Managing and storing the massive volume of logs, amounting to 15 billion daily log additions, across multiple petabyte-scale clusters was expensive and resource-intensive.
Storage costs were escalating, posing a significant financial burden to the organization.
Query performance for large datasets was slow, with some queries taking minutes to process, impacting real-time monitoring and threat tracing capabilities.

Balancing the need for immediate access to critical log data with the imperative to reduce storage costs presented a complex challenge.

ACCOMPLISHMENTS

The implementation of storage and query optimization strategies resulted in significant achievements:

Storage Cost Reduction: Three storage strategies, including the use of ZSTD compression, tiered storage of hot and cold data, and differentiated replica numbers for different data partitions, led to a 50% reduction in storage costs.
Query Performance Improvement: Differentiated query strategies based on data size, such as partitioning small tables by date, utilizing materialized views for medium-sized tables, and employing the Aggregate Key model for large tables, enabled big queries to be processed within 1-2 seconds, significantly enhancing system responsiveness and real-time monitoring capabilities.

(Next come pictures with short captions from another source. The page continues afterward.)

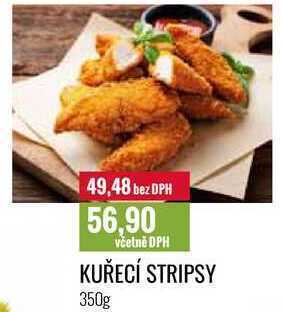Ratio Kuřecí stripsy 350g nabídka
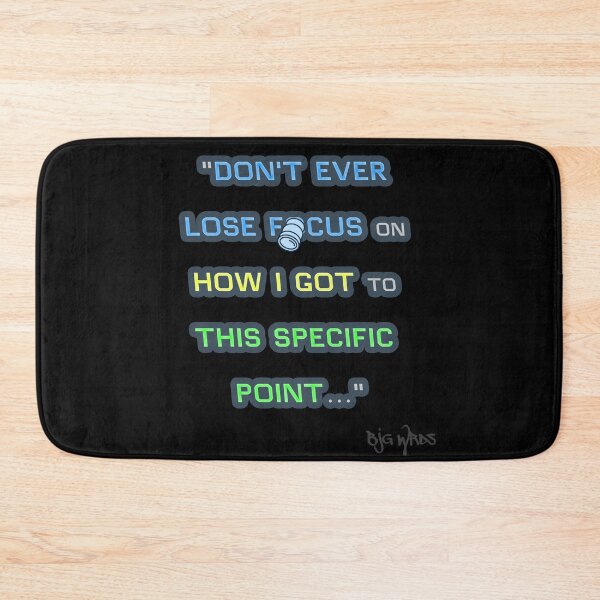 Item preview, "DON'T ..." Quote 12/07/2024 designed and sold by BJGWRDS.
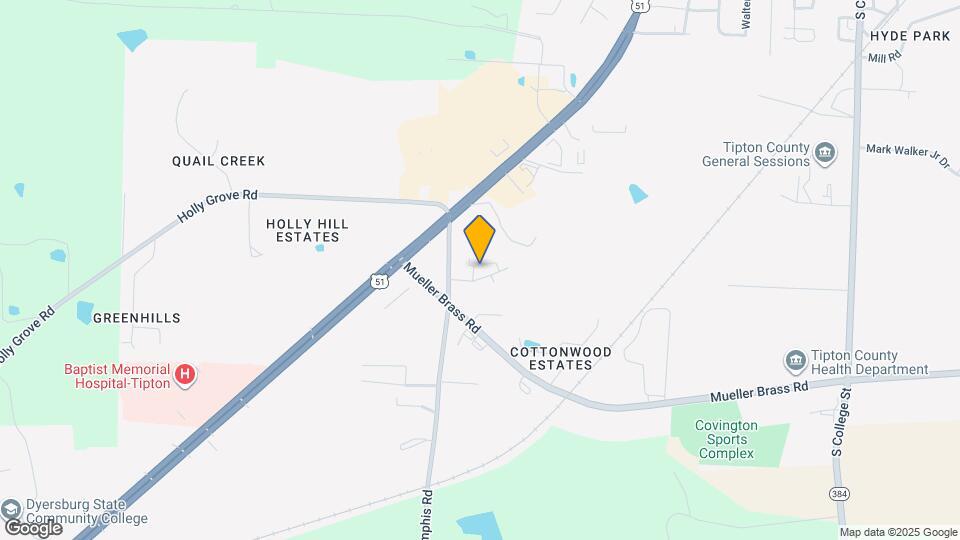 Meadowview Elderly Apartments Covington, TN Apartments For Rent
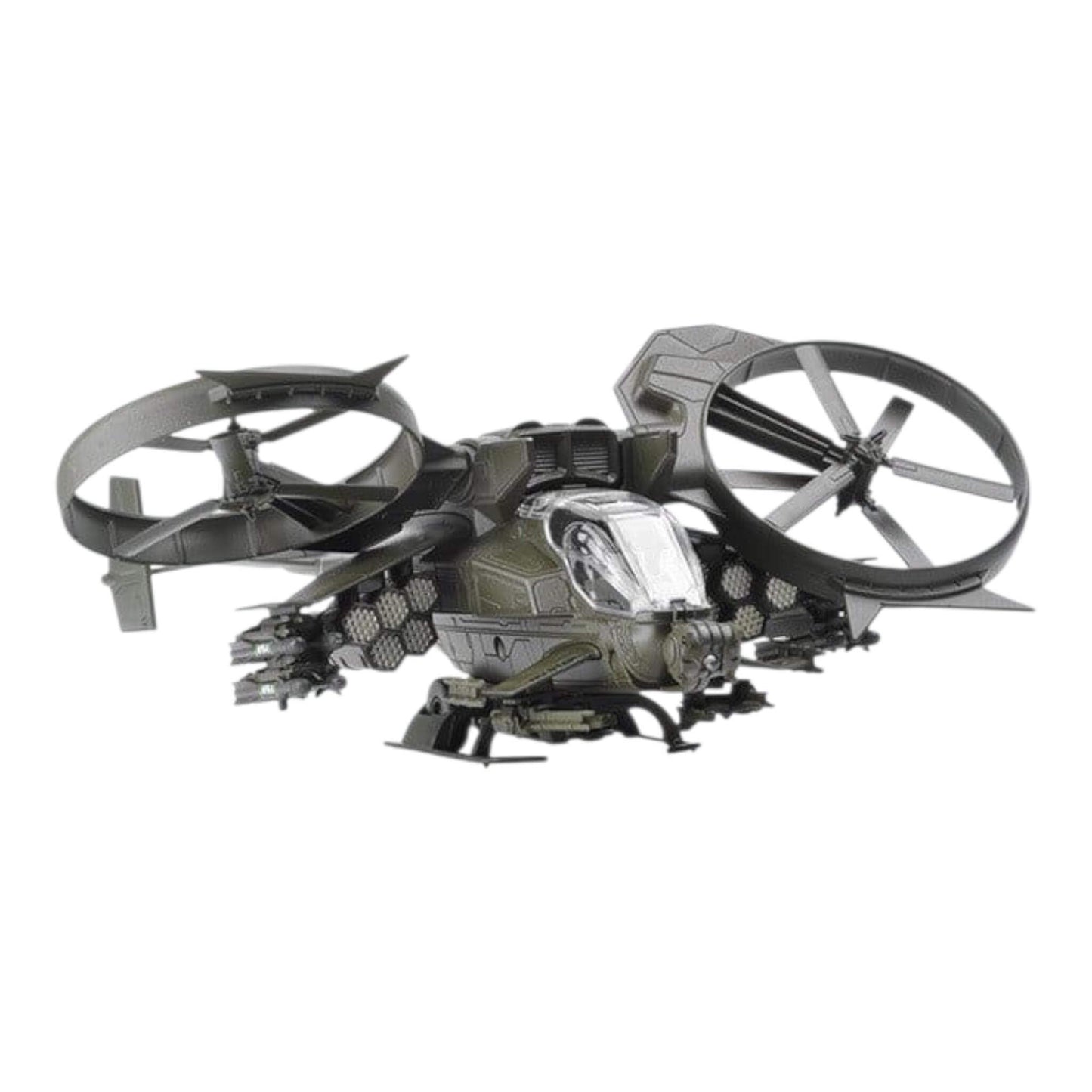 Poison scorpion die cast fighter jet with a detailed design on a white background - Greater Toys Store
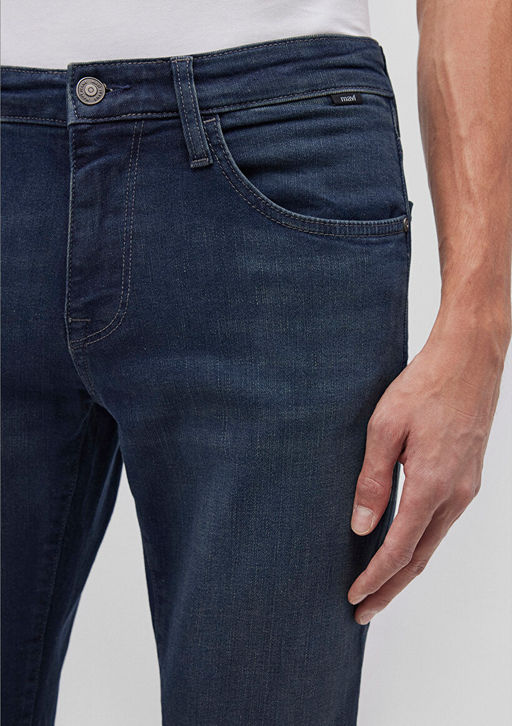 Martin KRMZBYZ Mavi Premium Murekkep Mavi Jean Pantolon  фото 5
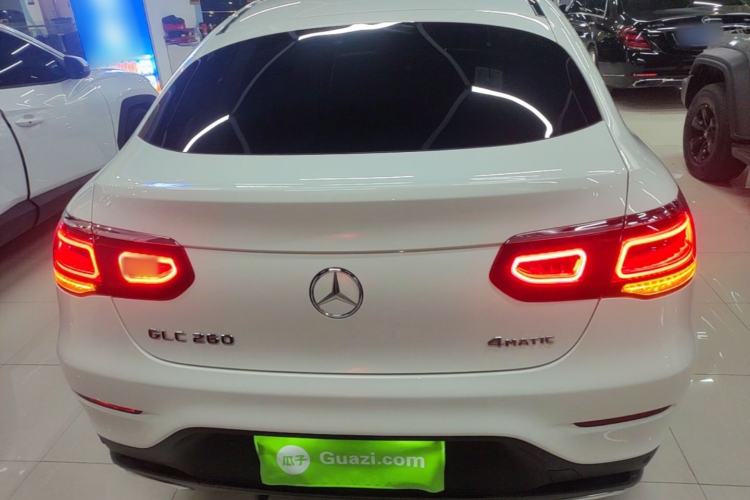 Used Mercedes-Benz GLC Coupe 2020 GLC 260 4MATIC Coupe SUV Rear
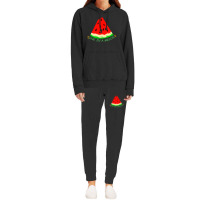 You're One In A Melon Funny Puns For Kids Hoodie & Jogger Set | Artistshot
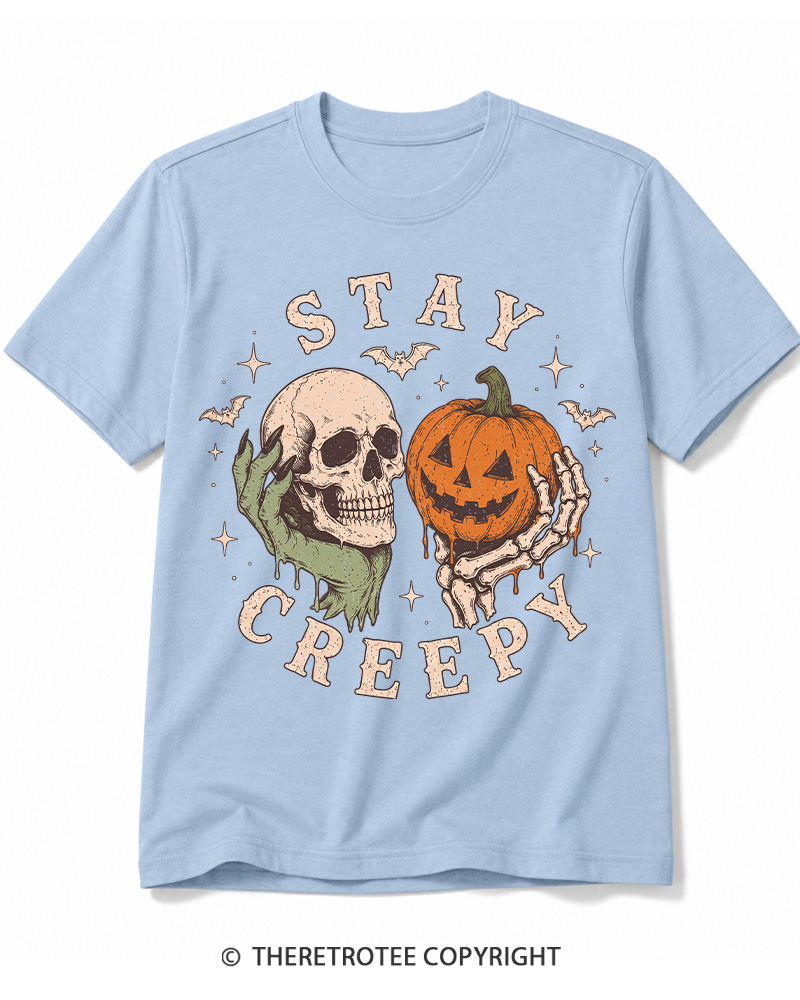 TheRetroTee Staying Alive 1990s Halloween Cotton T-Shirt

Enhanced Efficiency: Queries that previously took minutes to process now finish within milliseconds, enabling rapid tracing and location of abnormal events or failures. Queries on large tables containing billions of data records can be completed in just a few seconds, improving overall system efficiency and user experience.

TECHNOLOGIES USED
  • ZSTD Compression Algorithm: Implemented to achieve a compression ratio of 10:1 for tables larger than 1TB, reducing storage costs while maintaining data integrity
  • Tiered Storage: Utilized SSD for storing hot data (within the past 7 days), HDD for cooled down data, and object storage for colder data, optimizing storage costs based on data access patterns.
  • Differentiated Replica Numbers: Applied to different data partitions based on access frequency, ensuring higher replication for newer data and lower replication for older data to balance performance and cost.
  • Materialized Views: Utilized for pre-computed result sets in tables ranging from 100GB to 1TB, improving query performance and reducing resource consumption.
  • Aggregate Key Model: Implemented for tables exceeding 100TB, enabling pre-aggregation of data to accelerate query processing and achieve near real-time response times.